Digging into a company’s annual report is a great way to find hidden risks and trends that may be otherwise missed. Research In Motion Ltd (NASDAQ:BBRY)‘s 40-F didn’t disappoint.
Here are three things I learned from the company’s annual report.
I didn’t think Dood-Frank would have a significant impact on non-financial companies, but I was wrong.
“In fiscal 2013, the SEC adopted new disclosure requirements implementing Section 1502 of the Dodd-Frank Wall Street Reform and Consumer Protection Act of 2010 for manufacturers of products containing certain minerals that are mined from the Democratic Republic of Congo and adjoining countries. These so-called “conflict minerals” are commonly found in metals used in the manufacture of certain of the Company’s products.” BlackBerry 40-F
The new Dodd-Frank legislation requires companies to report all products containing conflict minerals – like tin, tantalum, tungsten, and gold – from the Congo. Conflict for control of the mineral wealth is behind some of the most violent human rights violations in the country.
For Research In Motion Ltd (NASDAQ:BBRY) and other technology companies, this regulation creates several problems including higher compliance costs, higher component prices, and potential reputational risks.
Apparently, Apple Inc. (NASDAQ:AAPL) is the best prepared for this new legislation.
In 2010, the company was named the worse abuser of so-called ‘conflict-minerals’ by The Enough Project – a non-profit humanitarian organization.
Since being called out, the company has made significant efforts to clean up their operations by surveying suppliers and auditing smelters. Apple Inc. (NASDAQ:AAPL) now requires its suppliers to move their sourcing of tin, tungsten, and gold to certified conflict-free sources.

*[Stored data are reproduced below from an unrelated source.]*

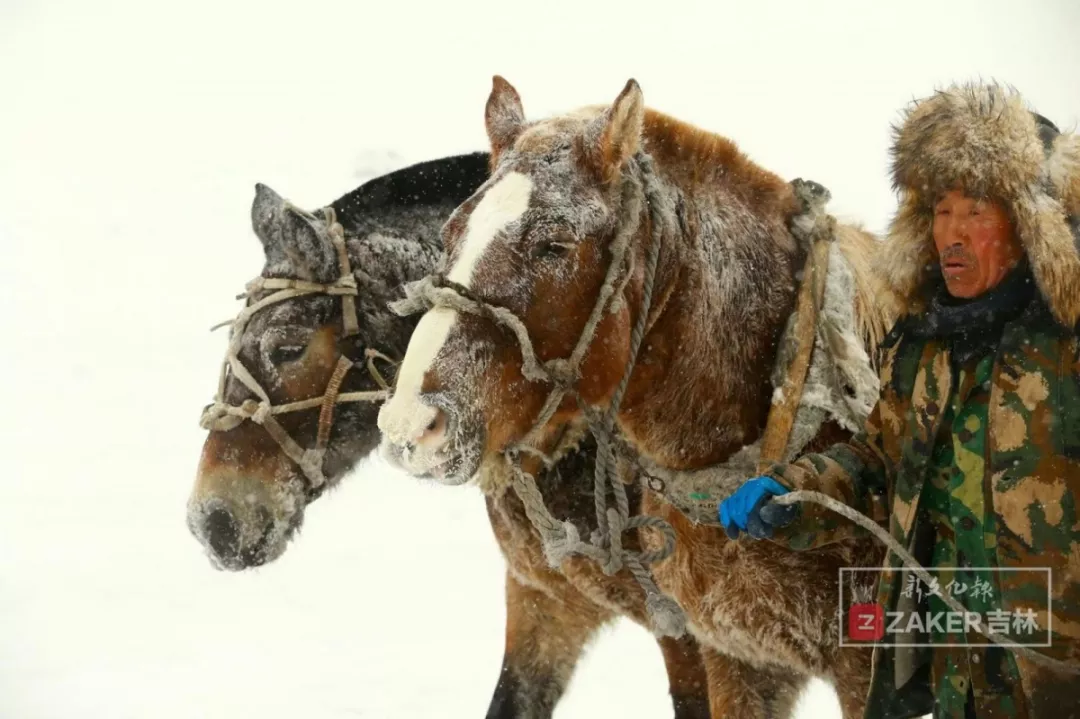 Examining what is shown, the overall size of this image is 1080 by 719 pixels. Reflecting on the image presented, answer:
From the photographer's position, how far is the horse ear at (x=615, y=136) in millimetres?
2312

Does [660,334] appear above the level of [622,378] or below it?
above

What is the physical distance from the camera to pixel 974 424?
1.96m

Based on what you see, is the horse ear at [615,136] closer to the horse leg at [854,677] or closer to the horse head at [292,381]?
the horse leg at [854,677]

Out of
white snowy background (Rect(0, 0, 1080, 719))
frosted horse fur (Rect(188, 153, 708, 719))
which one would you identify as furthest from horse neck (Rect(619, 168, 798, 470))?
white snowy background (Rect(0, 0, 1080, 719))

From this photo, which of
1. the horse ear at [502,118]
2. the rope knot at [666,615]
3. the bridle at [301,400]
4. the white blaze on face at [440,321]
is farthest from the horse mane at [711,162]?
the bridle at [301,400]

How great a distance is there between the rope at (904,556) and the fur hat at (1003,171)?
468mm

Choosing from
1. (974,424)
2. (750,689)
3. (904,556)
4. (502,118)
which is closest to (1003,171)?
(974,424)

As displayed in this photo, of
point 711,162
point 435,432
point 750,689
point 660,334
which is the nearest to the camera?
point 435,432

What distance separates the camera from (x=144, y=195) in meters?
11.2

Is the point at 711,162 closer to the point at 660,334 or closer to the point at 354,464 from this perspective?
the point at 660,334

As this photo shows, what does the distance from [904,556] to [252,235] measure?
33.1ft

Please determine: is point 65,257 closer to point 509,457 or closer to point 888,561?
point 509,457

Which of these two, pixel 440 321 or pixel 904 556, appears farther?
pixel 440 321

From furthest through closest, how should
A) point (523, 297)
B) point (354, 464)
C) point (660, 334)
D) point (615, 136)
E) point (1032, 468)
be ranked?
1. point (354, 464)
2. point (660, 334)
3. point (615, 136)
4. point (523, 297)
5. point (1032, 468) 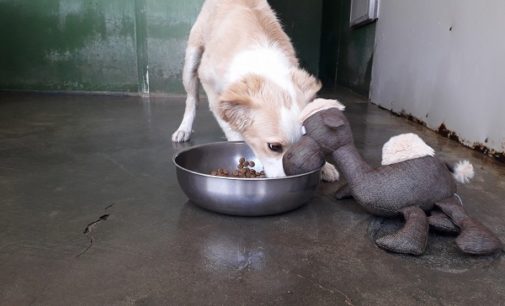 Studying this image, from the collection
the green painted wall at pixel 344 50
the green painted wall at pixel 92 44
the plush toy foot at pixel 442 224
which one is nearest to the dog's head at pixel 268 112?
the plush toy foot at pixel 442 224

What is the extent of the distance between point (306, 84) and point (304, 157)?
0.45 meters

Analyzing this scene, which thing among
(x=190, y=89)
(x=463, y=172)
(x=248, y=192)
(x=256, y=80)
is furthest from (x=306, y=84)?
(x=190, y=89)

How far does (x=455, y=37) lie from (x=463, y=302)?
8.13 feet

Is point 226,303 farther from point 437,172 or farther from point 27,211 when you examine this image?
point 27,211

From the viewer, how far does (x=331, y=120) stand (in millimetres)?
1579

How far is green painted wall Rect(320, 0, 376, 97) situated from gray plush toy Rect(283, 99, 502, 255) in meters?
3.84

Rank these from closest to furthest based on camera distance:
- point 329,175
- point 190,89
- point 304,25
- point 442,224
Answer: point 442,224 < point 329,175 < point 190,89 < point 304,25

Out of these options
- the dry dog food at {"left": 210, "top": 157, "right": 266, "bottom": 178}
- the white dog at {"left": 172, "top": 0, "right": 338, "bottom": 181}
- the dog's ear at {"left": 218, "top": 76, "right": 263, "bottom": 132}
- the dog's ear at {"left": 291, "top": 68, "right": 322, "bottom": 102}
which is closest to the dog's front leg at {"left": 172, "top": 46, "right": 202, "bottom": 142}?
the white dog at {"left": 172, "top": 0, "right": 338, "bottom": 181}

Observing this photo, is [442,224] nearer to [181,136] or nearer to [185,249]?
[185,249]

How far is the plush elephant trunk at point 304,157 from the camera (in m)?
1.61

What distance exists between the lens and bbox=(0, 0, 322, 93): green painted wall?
16.8 feet

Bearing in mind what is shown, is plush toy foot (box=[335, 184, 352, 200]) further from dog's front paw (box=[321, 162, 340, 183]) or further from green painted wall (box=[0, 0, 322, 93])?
green painted wall (box=[0, 0, 322, 93])

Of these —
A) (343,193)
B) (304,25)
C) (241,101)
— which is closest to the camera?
(241,101)

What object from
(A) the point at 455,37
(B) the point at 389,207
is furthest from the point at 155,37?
(B) the point at 389,207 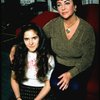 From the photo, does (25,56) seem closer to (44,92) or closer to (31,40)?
(31,40)

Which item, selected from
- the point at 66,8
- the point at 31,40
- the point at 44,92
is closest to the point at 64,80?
the point at 44,92

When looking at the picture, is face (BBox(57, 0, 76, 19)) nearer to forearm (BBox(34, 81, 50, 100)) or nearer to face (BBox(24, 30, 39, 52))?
face (BBox(24, 30, 39, 52))

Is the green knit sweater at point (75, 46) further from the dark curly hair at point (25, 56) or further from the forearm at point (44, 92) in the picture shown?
the forearm at point (44, 92)

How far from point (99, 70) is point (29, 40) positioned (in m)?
0.64

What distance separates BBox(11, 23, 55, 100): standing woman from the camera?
5.67 ft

Last year, Apple was given top marks against other technology giants for its reduce use of conflict minerals. This means Apple Inc. (NASDAQ:AAPL) will have the lowest compliance costs and reputational risks when the law comes into effect next year.
2) Significant credit risk to….Venezuela?
Sometimes when digging through annual reports I’m surprised to find where companies have exposures that could result in unexpected losses.
“As of March 2, 2013, the Company has accounts receivables outstanding related to service access fees provided to wireless service providers in Venezuela […] As a result of the currency devaluation and given the uncertainty around future changes to the Venezuela leadership, the Company could face additional challenges in obtaining payment on its receivables if the Venezuela carriers cannot secure governmental approvals to buy and remit USD for services provided.” Blackberry 40-F
Latin America accounts for 20% of Research In Motion Ltd (NASDAQ:BBRY)’s revenues and Venezuela was chosen to spearhead the continent’s BB10 launch. But doing business in this country comes with risks.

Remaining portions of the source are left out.